Departments of ¹Physiology and ²Animal Science, University of Minnesota, St. Paul, Minnesota; and ³Department of Veterinary Pharmacology, Seoul National University, Seoul, Republic of Korea

Submitted 16 September 2005 ; accepted in final form 20 November 2005

	ABSTRACT

TOP ABSTRACT MATERIALS AND METHODS RESULTS DISCUSSION REFERENCES

 
Human lung epithelial (Calu-3) cells were used to investigate the effects of protease-activated receptor (PAR) stimulation on Cl^– secretion. Quantitative RT-PCR (QRT-PCR) showed that Calu-3 cells express PAR-1, -2, and -3 receptor mRNAs, with PAR-2 mRNA in greatest abundance. Addition of either thrombin or the PAR-2 agonist peptide SLIGRL to the basolateral solution of monolayers mounted in Ussing chambers produced a rapid increase in short-circuit current (I_sc: thrombin, 21 ± 2 µA; SLIGRL, 83 ± 22 µA), which returned to baseline within 5 min after stimulation. Pretreatment of monolayers with the cell-permeant Ca²⁺-chelating agent BAPTA-AM (50 µM) abolished the increase in I_sc produced by SLIGRL. When monolayers were treated with the cyclooxygenase inhibitor indomethacin (10 µM), nearly complete inhibition of both the thrombin- and SLIGRL-stimulated I_sc was observed. In addition, basolateral treatment with the PGE₂ receptor antagonist AH-6809 (25 µM) significantly inhibited the effects of SLIGRL on I_sc. QRT-PCR revealed that Calu-3 cells express mRNAs for CFTR, the Ca²⁺-activated KCNN4 K⁺ channel, and the KCNQ1 K⁺ channel subunit, which, in association with KCNE3, is known to be regulated by cAMP. Stimulation with SLIGRL produced an increase in apical Cl^– conductance that was blocked in cells expressing short hairpin RNAs designed to target CFTR. These results support the conclusion that PAR stimulation of Cl^– secretion occurs by an indirect mechanism involving the synthesis and release of prostaglandins. In addition, PAR-stimulated Cl^– secretion requires activation of CFTR and at least two distinct K⁺ channels located in the basolateral membrane.

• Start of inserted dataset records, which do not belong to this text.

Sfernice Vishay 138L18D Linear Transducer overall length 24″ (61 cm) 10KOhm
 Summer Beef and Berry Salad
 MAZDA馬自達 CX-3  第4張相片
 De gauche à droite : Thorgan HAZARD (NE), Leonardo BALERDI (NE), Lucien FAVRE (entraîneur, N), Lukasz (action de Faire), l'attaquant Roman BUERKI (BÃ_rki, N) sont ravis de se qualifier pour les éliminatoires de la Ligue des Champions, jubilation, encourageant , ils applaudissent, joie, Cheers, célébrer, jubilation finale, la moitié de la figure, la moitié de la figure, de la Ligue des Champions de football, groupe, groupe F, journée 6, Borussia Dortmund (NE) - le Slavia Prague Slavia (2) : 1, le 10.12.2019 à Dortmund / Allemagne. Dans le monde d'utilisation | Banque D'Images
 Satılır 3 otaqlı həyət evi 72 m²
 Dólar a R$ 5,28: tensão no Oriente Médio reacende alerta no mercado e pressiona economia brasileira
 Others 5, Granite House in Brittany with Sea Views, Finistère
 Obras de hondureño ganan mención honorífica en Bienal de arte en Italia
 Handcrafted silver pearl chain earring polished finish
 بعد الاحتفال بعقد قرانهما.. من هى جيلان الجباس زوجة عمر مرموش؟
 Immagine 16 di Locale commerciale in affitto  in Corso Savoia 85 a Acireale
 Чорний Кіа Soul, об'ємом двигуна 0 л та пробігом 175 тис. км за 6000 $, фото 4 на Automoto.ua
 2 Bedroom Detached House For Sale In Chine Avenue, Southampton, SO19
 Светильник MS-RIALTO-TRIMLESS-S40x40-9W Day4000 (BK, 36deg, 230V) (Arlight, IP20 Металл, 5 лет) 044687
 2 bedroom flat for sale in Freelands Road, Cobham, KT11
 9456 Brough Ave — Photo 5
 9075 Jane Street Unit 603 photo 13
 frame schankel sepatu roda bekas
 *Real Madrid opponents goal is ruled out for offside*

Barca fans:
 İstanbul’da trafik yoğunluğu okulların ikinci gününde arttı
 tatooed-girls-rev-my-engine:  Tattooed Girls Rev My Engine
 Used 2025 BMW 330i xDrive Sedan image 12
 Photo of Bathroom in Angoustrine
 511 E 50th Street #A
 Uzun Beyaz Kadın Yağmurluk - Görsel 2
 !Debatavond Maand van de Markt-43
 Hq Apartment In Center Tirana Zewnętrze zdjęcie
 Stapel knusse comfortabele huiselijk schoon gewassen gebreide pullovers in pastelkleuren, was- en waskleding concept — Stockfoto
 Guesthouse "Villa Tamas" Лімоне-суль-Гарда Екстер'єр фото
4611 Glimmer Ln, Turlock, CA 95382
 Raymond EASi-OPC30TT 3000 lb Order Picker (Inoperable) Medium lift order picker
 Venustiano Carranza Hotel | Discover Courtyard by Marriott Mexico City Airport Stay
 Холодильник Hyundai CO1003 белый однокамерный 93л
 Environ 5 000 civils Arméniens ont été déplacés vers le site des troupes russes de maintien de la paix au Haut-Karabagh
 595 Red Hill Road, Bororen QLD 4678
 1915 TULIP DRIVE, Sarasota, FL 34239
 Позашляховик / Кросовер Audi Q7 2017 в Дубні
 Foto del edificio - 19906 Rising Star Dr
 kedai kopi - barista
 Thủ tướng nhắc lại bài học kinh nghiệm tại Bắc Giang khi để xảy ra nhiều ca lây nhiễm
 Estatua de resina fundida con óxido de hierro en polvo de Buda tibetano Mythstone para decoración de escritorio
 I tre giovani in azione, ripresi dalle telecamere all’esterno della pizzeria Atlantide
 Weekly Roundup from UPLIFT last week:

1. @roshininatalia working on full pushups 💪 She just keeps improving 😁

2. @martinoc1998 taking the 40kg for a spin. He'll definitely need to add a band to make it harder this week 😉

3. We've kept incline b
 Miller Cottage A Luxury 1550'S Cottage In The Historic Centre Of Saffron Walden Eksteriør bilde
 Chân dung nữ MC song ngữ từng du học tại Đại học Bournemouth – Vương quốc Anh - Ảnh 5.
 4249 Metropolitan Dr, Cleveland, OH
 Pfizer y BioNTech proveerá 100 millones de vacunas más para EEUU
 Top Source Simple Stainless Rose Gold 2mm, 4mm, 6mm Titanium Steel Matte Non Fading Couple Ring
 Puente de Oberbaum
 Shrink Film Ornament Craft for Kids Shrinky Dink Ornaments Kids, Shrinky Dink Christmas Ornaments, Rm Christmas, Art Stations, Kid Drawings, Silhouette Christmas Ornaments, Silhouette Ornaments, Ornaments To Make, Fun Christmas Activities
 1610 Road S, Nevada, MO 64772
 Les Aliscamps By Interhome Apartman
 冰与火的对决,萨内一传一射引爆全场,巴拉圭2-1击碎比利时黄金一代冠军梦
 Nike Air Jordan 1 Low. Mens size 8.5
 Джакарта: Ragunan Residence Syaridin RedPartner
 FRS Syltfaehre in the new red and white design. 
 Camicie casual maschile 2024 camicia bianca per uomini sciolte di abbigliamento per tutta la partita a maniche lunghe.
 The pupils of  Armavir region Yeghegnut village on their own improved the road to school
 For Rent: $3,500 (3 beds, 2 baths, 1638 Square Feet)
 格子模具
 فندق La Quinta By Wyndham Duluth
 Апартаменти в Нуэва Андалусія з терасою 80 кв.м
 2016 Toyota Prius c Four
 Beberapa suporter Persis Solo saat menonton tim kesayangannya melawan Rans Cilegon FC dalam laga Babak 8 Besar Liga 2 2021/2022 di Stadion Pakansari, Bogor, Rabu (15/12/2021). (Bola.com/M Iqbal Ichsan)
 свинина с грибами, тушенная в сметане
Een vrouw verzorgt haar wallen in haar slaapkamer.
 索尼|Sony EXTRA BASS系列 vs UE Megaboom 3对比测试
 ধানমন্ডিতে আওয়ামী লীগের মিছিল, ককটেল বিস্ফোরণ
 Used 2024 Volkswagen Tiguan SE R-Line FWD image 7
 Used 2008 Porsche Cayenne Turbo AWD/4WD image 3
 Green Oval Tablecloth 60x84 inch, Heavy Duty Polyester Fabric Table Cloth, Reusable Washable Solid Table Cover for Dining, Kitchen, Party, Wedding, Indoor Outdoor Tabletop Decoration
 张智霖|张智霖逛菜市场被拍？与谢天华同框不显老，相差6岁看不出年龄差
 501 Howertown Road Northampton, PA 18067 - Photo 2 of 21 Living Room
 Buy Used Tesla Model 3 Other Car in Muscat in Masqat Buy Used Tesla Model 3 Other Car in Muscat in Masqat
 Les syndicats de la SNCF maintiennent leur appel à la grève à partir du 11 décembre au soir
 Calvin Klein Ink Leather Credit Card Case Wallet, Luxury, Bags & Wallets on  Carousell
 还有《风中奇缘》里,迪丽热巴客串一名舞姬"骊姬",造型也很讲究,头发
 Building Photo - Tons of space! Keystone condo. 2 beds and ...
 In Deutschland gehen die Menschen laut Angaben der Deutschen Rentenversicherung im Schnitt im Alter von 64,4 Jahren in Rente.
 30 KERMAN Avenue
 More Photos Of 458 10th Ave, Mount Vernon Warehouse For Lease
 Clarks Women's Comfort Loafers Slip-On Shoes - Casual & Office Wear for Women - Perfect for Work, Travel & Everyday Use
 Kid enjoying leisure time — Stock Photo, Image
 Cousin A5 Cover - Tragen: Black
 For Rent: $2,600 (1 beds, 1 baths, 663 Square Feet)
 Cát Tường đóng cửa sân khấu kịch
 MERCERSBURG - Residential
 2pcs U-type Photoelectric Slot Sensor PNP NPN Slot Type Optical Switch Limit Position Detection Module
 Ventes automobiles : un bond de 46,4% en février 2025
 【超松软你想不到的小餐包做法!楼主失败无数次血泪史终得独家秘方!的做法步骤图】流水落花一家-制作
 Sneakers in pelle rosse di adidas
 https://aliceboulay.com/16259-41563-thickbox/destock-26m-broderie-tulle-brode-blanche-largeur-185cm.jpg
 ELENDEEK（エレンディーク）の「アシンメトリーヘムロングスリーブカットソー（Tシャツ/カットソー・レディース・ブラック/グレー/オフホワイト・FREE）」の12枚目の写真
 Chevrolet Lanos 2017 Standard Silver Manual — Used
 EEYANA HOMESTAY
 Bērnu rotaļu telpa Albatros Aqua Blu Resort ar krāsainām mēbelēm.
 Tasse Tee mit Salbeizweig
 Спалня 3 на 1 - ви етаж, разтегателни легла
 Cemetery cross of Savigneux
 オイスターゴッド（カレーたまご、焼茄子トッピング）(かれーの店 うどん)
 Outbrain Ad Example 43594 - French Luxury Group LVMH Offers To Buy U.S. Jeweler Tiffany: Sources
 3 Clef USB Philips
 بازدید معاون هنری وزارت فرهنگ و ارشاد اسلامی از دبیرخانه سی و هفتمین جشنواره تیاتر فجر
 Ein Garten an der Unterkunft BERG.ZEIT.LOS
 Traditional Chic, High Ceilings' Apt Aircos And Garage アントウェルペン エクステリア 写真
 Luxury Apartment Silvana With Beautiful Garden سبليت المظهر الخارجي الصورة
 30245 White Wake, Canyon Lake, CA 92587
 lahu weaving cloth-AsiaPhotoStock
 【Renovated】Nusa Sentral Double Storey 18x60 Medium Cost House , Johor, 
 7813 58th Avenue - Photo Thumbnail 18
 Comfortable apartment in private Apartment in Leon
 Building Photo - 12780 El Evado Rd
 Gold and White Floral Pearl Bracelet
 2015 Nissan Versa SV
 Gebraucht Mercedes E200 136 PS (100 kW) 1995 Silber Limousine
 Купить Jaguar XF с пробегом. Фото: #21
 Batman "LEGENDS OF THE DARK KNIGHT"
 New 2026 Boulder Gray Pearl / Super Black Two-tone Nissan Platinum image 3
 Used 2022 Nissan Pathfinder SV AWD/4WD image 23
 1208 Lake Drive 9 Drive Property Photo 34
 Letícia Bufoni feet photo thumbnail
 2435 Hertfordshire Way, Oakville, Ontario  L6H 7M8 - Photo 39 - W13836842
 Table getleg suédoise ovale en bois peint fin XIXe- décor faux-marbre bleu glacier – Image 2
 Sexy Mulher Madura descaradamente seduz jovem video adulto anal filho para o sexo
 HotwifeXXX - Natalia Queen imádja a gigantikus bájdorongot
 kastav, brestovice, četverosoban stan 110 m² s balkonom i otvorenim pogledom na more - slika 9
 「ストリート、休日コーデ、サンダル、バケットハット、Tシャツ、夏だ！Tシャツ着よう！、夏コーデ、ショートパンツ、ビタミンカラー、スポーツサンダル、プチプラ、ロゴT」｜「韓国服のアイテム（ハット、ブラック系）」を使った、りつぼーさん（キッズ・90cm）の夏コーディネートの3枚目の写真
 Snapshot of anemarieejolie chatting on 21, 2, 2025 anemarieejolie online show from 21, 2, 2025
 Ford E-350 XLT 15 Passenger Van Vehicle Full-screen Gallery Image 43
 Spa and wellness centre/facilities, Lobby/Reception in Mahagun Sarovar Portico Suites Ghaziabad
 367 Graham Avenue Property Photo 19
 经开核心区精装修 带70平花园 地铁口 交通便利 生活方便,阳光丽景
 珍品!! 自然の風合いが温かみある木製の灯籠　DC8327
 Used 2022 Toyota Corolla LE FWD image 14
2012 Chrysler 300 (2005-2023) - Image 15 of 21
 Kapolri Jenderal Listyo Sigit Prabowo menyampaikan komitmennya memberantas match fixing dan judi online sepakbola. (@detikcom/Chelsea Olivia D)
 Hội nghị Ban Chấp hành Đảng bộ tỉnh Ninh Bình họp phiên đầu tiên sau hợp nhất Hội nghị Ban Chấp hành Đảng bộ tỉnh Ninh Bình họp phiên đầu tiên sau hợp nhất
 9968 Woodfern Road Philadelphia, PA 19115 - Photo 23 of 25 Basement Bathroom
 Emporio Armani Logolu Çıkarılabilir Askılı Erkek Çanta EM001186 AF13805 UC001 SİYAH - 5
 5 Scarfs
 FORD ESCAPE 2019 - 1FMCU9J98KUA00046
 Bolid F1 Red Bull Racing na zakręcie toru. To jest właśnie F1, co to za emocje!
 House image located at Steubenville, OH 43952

cystic fibrosis transmembrane conductance regulator; KCNQ1; calcium-activated potassium channels; KCNN4; cAMP

Each PAR possesses a unique proteolytic cleavage site within the extracellular NH₂-terminal domain. Activation of PARs involves enzymatic cleavage of the NH₂ terminus, exposing a tethered ligand that is then available to bind to the second extracellular loop of the cleaved receptor to induce self-activation (22). Once activated, this process is irreversible. At present, the resulting upstream NH₂-terminal fragment has no known function. After PAR stimulation, G proteins belonging to the G_q/11 subfamily are activated. The G_q subunit stimulates PLC- to produce inositol 1,4,5-trisphosphate (IP₃) and diacylglycerol (DAG), which in turn increases intracellular Ca²⁺ concentration ([Ca²⁺]) and PKC activity (14, 17).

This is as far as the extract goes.